§ **WORK ITEM**
Could you restate word for word only the lines below from the one holding "Palatine IL lifestyle" to the one holding "Ottawa firefighters battle", inclusive, and leave out the pictures?

§ **RECORDS SUPPLIED**
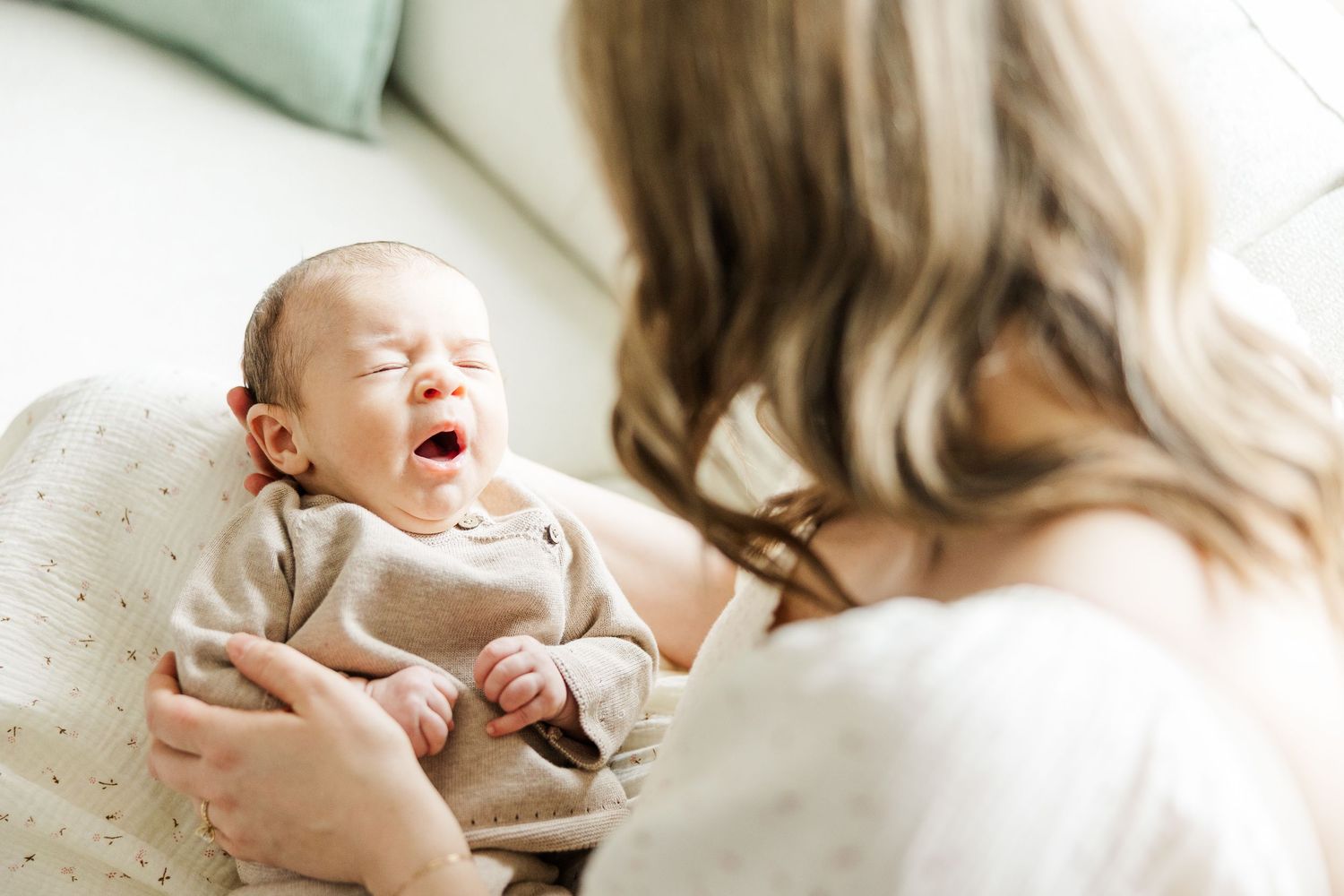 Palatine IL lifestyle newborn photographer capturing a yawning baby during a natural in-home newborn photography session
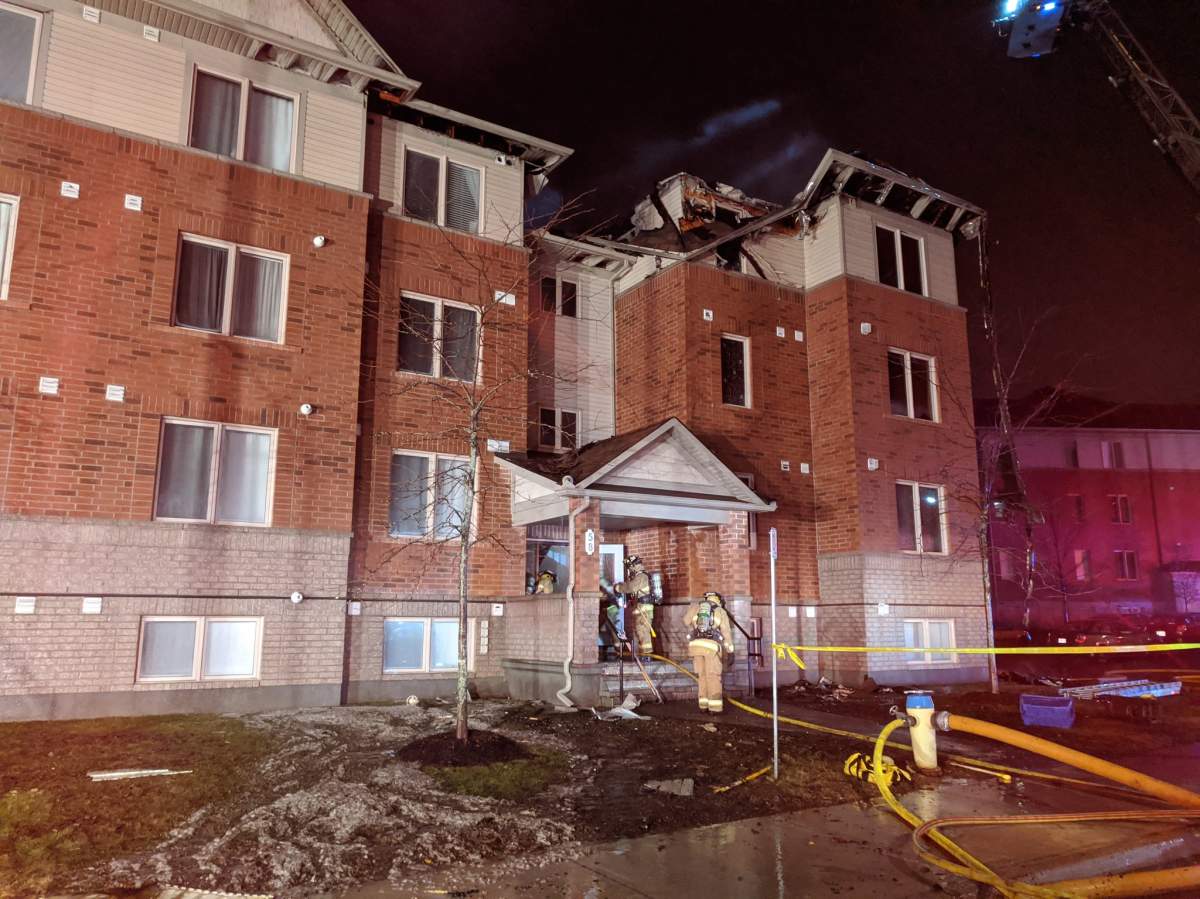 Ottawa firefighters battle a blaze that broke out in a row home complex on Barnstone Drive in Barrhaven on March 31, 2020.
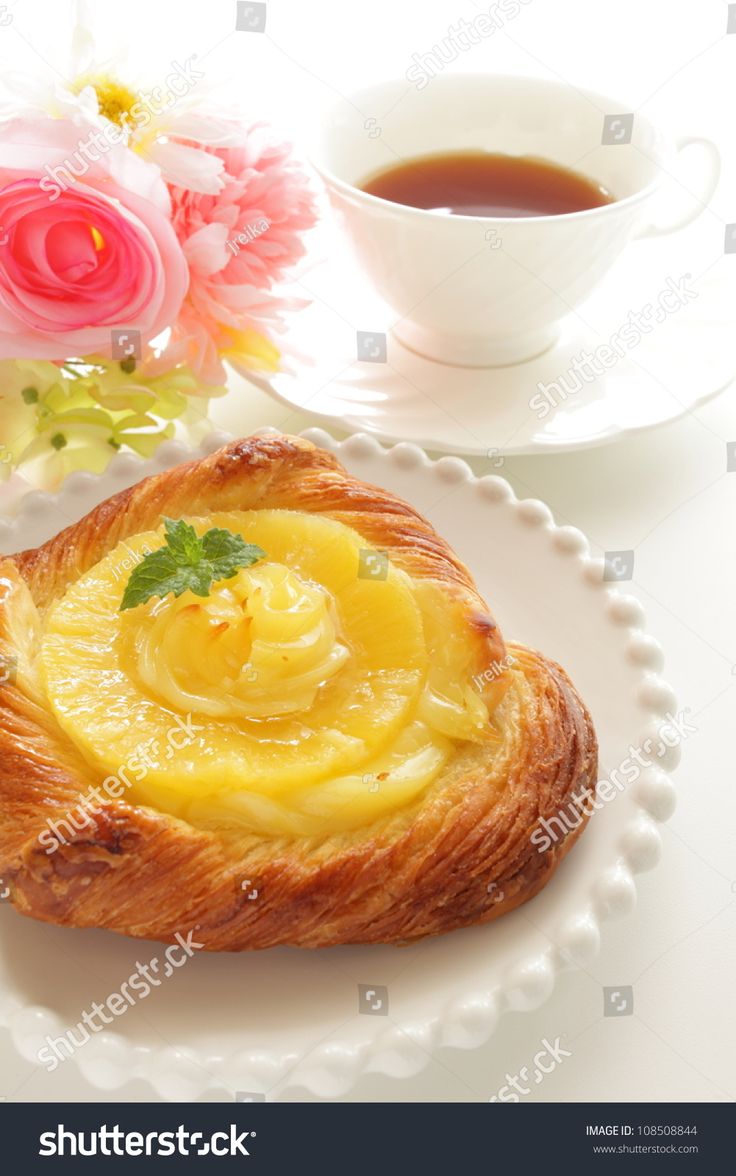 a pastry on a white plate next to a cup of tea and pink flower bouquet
==
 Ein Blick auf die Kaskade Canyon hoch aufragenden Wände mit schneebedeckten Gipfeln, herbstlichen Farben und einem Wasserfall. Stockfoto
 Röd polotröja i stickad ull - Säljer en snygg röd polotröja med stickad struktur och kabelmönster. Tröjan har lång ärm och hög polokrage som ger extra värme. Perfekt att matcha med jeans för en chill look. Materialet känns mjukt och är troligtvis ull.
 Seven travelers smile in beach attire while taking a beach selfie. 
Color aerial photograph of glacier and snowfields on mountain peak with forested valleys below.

§ **TASK OUTPUT**
 Palatine IL lifestyle newborn photographer capturing a yawning baby during a natural in-home newborn photography session
 Ottawa firefighters battle a blaze that broke out in a row home complex on Barnstone Drive in Barrhaven on March 31, 2020.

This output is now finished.